We can always debate how useful economists might be, or how legitimate their field of study is. But it should be obvious to you by now there is significant value in understanding things such as GDP, employment, government stimulus, and interest rates. This kind of knowledge influences everything from how you save to who you’re voting for.
Many of us expected that the people alive during this recession might fundamentally change their own financial habits. The generation that grew up in the Great Depression was notoriously frugal. We know that in the wake of this recession people have saved more and are definitely paying down debt. But how do we know the recession will fundamentally change the habits of a generation?
We probably won’t know for another generation. If you got into couponing, will you keep it up in five years? Ten? It will certainly be interesting to see. Now that we are at least a few years removed from the official recession, we can start to see if there was any effect; and if there was, start tracking it to see how lasting that effect will be.
This is already starting to pop up in a few areas.

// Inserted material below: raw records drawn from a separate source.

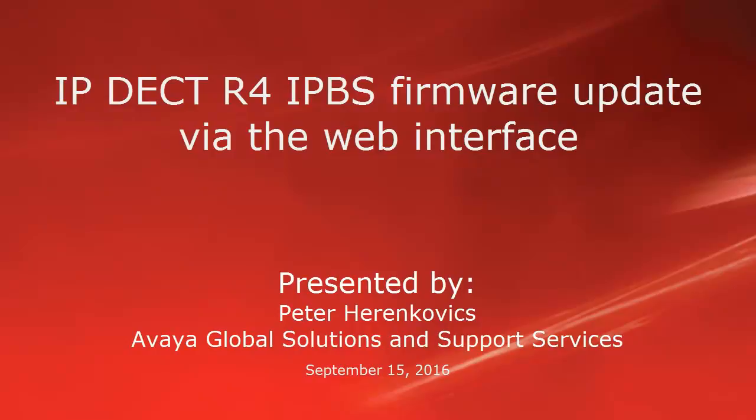Hello, my name is Peter Henkowicz with the AVAYA Global Solutions and Support Services team. This video is about the IPDECT R4 IPBS firmware update via the web interface.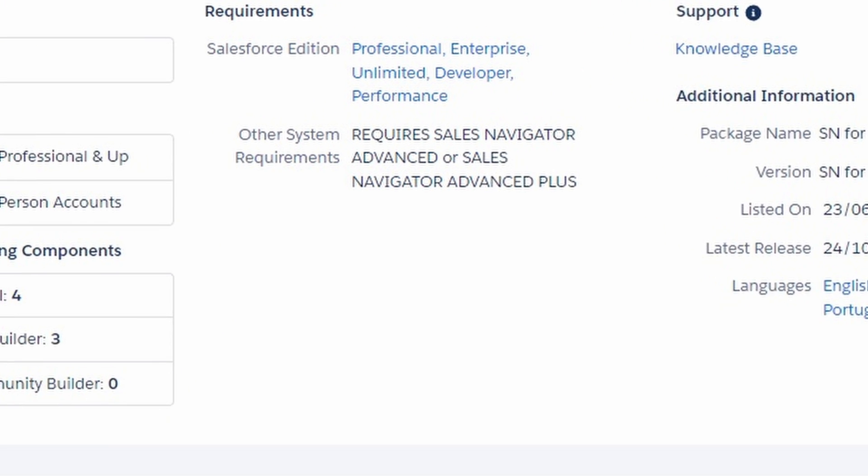Before we talk about the sync between these two systems, I highly recommend you go take a look at the LinkedIn Sales Navigator App Exchange package, which will give you a lot more detail on what this sync surfaces for you. It's important to note that for this sync to work, you need certain editions of Salesforce. Salesforce Essentials will not work, and Salesforce Professional will not work unless you have the API access add-on — that is how LinkedIn and Salesforce communicate.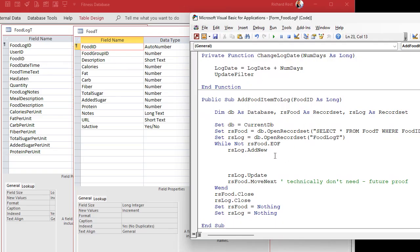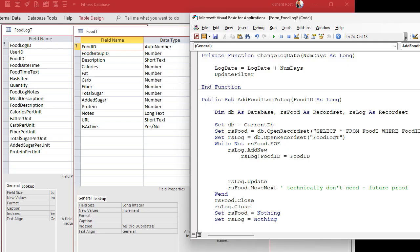First field on the list is FoodID — well, we sent that in: RS_Log.FoodID = FoodID. You could use a With statement here, but I'm going to skip it because it can get confusing when you have multiple record sets. Next is UserID — I'm going to leave that alone for now. We've got a default value of one in the table and we'll deal with that later when we do lessons on multi-user setup. Then FoodDateTime — that's an easy one: RS_Log.FoodDateTime = Now.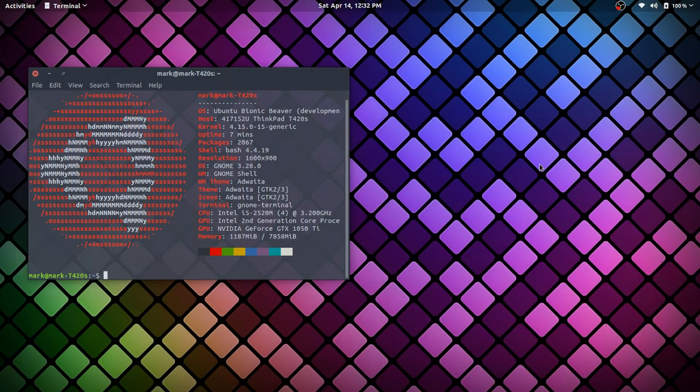What's up everyone, welcome to part 4 of our ThinkPad eGPU deep learning build. In this one, I just want to give a quick update and talk about where the system is right now.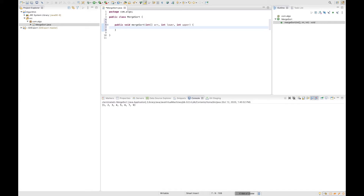Remember, merge sort algorithm is part of the divide and conquer algorithm. That means we need to find a way to divide our array into two sub-arrays, and we are going to do that recursively. One of the things to know is that the lower bound should not be greater than the upper bound — this is going to be our base case condition. If the lower bound is greater than or equal to the upper bound, something is wrong and we need to stop the recursion.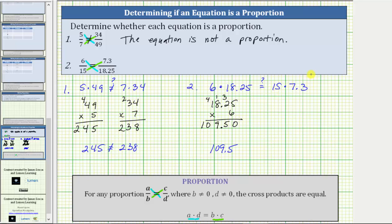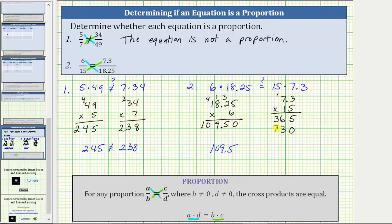Now let's determine 15 times 7.3. Using the commutative property, let's determine 7.3 times 15. We first multiply by five: five times three is 15. Record the five and perform an exchange with the one. Five times seven is 35, plus one is 36. Now we multiply by one, but before doing this, we place a zero in the rightmost place value. One times three is three. One times seven is seven. Now we add: five, nine, seven plus three is 10. Because 7.3 has one decimal place, the product must also contain one decimal place. The product is 109.5.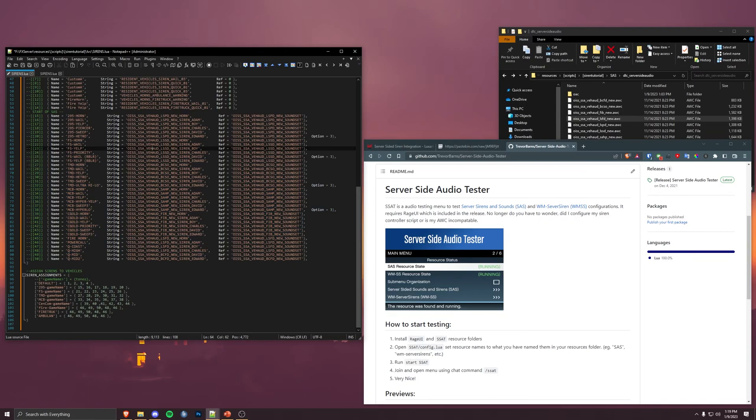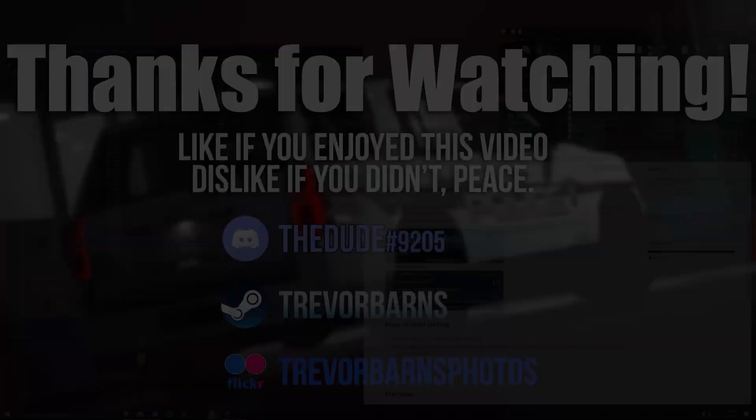That should wrap everything up. Feel free to comment below. Join the Discord. Check out my example on the repository, which I will link below. And check out Luxart Engineering documentation for helpful stuff. Thanks, guys.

There are lots of organizations out there that can check out these things without the use of official government data. One of them, the Council for Economic Education, has a survey where they look at how well people are saving. As it turns out, Millennials are better savers today than Generation X. This is a bit surprising since Gen X probably got hit hard in the recession. They would have been the ones buying and borrowing perhaps the most, while Millennials were still in the early part of their careers or in school. It could be that they watched their parents go through this pain and are learning from them.
Millennials are apparently conservative investors too. Opting to take on less risky options than other generations. This poses its own potential problems down the road, since Millennials will have even less Social Security than their older generations.
To really know if we’ve learned any lessons though we need to test the knowledge of the people. The Department of Education tests high school students every year on their economic knowledge; things like the GDP, interest rates, and opportunity costs. And while these high schoolers may actually be talking about economics more, they have no greater understanding of economics than high schoolers did before the financial crisis.
So the lasting effects of the recession so far are mixed. It’s disappointing that high schoolers aren’t learning more about economics, but a new generation of workers are saving more than we probably would have expected before the recession began. Keep watching for signs of whether we have a generation of well-informed penny pinchers or a new crop of people destined to repeat the mistakes of old.